失われた平穏

 その晩の夕食は騒がしかった。いつもは麗二と二人で静かに過ごすこの空間に、今日は百合がいたからだ。

 百合は食事の間中、何かと喋り続けていた。〈しごと〉のこと、〈かいしゃ〉のこと、〈しゃちょう〉のこと。シオンには意味のわからないことばかりだったが、百合の表情を見るに、あまり楽しい話ではなさそうだった。

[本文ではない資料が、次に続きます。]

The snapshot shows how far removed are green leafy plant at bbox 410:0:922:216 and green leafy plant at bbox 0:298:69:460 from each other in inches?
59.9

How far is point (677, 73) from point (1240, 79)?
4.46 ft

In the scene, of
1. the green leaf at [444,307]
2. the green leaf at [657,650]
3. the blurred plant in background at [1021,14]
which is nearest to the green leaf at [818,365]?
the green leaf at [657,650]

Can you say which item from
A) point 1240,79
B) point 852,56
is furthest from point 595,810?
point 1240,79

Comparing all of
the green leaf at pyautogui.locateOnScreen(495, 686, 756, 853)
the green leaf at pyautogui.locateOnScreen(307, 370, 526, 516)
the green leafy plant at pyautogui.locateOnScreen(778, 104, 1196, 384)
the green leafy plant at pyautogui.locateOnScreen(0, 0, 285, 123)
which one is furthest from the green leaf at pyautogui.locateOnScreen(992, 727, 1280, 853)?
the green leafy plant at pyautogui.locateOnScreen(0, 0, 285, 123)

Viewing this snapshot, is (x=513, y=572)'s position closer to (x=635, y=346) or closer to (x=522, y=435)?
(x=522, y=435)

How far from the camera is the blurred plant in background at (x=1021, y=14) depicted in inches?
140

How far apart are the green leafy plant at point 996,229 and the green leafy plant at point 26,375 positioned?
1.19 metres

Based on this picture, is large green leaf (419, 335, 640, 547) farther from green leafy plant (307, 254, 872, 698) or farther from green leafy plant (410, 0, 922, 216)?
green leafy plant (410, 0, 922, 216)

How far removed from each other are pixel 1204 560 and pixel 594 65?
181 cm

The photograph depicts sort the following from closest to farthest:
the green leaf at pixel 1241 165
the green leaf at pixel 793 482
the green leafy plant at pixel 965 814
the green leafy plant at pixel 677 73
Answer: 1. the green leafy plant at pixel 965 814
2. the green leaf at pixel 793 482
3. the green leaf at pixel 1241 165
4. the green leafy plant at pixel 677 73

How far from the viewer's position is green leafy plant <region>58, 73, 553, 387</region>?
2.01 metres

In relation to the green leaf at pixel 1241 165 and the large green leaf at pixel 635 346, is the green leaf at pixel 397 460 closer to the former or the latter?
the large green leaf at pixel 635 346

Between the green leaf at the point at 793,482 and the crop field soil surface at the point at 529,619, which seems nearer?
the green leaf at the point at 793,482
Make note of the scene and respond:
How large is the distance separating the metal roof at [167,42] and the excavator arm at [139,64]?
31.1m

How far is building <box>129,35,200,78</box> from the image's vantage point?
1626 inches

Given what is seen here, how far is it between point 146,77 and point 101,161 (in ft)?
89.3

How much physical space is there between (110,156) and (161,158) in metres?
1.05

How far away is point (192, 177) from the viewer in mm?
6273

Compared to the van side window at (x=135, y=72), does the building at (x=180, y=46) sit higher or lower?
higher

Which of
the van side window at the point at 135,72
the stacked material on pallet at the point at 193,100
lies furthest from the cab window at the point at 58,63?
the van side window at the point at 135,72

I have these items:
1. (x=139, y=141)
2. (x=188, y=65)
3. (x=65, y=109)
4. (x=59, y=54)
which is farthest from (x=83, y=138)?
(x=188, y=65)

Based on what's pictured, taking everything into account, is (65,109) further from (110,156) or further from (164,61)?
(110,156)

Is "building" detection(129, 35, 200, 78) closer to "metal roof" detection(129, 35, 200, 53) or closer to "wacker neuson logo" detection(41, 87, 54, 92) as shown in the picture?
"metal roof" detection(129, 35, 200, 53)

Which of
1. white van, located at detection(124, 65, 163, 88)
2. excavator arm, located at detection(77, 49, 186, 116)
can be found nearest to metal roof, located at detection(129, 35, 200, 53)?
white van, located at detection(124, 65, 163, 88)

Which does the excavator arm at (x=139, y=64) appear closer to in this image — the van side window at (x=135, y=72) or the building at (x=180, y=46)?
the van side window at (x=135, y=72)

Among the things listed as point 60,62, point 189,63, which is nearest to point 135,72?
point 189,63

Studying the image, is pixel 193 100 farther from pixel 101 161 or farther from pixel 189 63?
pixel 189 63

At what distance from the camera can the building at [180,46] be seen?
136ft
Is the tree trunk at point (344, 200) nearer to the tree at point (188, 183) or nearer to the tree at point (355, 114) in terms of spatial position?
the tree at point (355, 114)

 百合はずっと麗二の方を向いて喋っていたが、麗二は話を聞く気がないのか、時々曖昧に返事をするばかりで、一度も顔を上げようとはしなかった。そんな麗二の様子を、後ろから鳩崎が心配そうに見守っていた。

 シオンは麗二の様子がおかしいことに気づいていた。普段の麗二はゆっくりと時間をかけて食事を取り、終わった後に自分や鳩崎に向かって料理の感想を述べるのに、今日は無言でひたすら料理を口に運んでいるだけで、全く味わっている様子がなかった。その様子はまるで、一刻も早くこの食事の時間を終わらせようとしているようだった。

 シオンは小さくため息をついた。シオンにとっても、今日の食事の時間は全く楽しいものではなかった。百合は一度もシオンの方を見ず、シオンなどこの場にいないかのように振舞っていた。

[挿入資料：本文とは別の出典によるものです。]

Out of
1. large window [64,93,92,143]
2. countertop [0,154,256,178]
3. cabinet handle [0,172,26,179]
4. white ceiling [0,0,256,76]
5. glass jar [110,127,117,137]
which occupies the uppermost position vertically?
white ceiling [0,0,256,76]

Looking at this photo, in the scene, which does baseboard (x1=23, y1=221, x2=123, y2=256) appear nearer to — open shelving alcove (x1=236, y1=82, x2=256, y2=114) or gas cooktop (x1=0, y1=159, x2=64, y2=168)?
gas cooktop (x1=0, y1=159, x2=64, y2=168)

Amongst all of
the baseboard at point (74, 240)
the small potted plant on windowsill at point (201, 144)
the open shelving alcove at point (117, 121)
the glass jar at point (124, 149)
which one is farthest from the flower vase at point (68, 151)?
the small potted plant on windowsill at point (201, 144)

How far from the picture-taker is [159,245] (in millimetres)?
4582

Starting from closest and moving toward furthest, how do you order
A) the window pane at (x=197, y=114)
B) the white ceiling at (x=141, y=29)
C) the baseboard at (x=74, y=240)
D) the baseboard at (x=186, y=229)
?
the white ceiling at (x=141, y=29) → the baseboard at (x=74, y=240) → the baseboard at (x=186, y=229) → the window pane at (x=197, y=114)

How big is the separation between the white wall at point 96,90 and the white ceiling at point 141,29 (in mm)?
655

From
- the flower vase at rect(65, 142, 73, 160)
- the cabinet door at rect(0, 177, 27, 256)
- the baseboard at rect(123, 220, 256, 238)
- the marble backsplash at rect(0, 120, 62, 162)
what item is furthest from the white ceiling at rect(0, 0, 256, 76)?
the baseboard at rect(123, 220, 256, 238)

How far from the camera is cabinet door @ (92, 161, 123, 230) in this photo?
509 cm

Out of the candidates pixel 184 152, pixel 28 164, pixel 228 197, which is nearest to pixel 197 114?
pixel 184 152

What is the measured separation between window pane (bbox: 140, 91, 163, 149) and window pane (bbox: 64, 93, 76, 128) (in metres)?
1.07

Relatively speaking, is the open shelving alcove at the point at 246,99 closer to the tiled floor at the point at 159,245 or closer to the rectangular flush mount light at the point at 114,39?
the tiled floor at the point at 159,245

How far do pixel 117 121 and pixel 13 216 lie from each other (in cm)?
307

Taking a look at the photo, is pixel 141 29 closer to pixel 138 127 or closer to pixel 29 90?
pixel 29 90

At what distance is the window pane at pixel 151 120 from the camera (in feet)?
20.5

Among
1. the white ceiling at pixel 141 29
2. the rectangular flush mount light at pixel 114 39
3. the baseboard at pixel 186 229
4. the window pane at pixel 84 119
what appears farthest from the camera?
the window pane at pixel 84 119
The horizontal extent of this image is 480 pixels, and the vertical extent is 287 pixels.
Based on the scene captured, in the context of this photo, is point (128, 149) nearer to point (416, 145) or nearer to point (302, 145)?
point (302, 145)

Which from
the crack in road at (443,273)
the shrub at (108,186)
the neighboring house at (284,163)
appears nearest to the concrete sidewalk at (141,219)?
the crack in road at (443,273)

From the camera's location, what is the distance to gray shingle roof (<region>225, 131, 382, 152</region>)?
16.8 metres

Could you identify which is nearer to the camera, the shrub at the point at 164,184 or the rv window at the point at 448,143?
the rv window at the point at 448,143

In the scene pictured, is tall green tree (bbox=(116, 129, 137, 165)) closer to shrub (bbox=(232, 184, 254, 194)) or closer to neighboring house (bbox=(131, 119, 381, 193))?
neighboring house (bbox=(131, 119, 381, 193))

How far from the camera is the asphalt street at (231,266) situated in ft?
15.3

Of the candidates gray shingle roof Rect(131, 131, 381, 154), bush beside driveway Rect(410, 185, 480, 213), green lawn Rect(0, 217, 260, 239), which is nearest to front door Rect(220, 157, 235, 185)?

 それがシオンには辛かった。いくら麗二が優しくしてくれたところで、自分は屋敷の一員として迎え入れられたわけではない。所詮はよそ者であり、ここにいるべき存在ではないということを暗に思い知らされた気分だった。


 気詰まりな食事の時間が終わり、シオンはようやく自分の部屋に戻ってきた。ふらふらと〈ベッド〉の方に近づいていき、そのままうつ伏せに倒れ込む。いつもは部屋にある様々な〈家具〉に触れたり、〈窓〉から海を眺めたりするのだが、今日はひどく疲れていて、何をする気にもなれなかったのだ。

 百合が来たことで、これまでの平穏な生活は失われてしまった。自分を守ってきてくれた優しい世界は消え、あるのはただ、よそ者に対する無言の疎外だけだった。

 シオンはそっと目を閉じた。柔らかなベッドの感触が肌に心地よい。人間の世界で初めて目を覚ました時も、シオンはこのベッドの上にいた。あの時はわからなかったことが、今では随分わかるようになった。この部屋にあるものの名前も、今なら全て言うことができた。それを教えてくれたのは麗二だった。麗二がシオンを、ここまで人間らしくしてくれたのだ。

 不意に肩に冷たい感触を覚え、シオンは〈枕〉に突っ伏していた顔を上げた。窓が開けっ放しになっていたようで、夜風が部屋に入り込んでいる。シオンは首を振ってベッドから起き上がると、ゆっくりと窓の方に近づいていった。

 窓を閉めようかと思ったが、何となくそのまま〈バルコニー〉に出てきて、〈手すり〉に腕をついてシオンは海を眺めた。月の光を浴びた海は静かに瞬き、風に揺れる波の音が聞こえてくる。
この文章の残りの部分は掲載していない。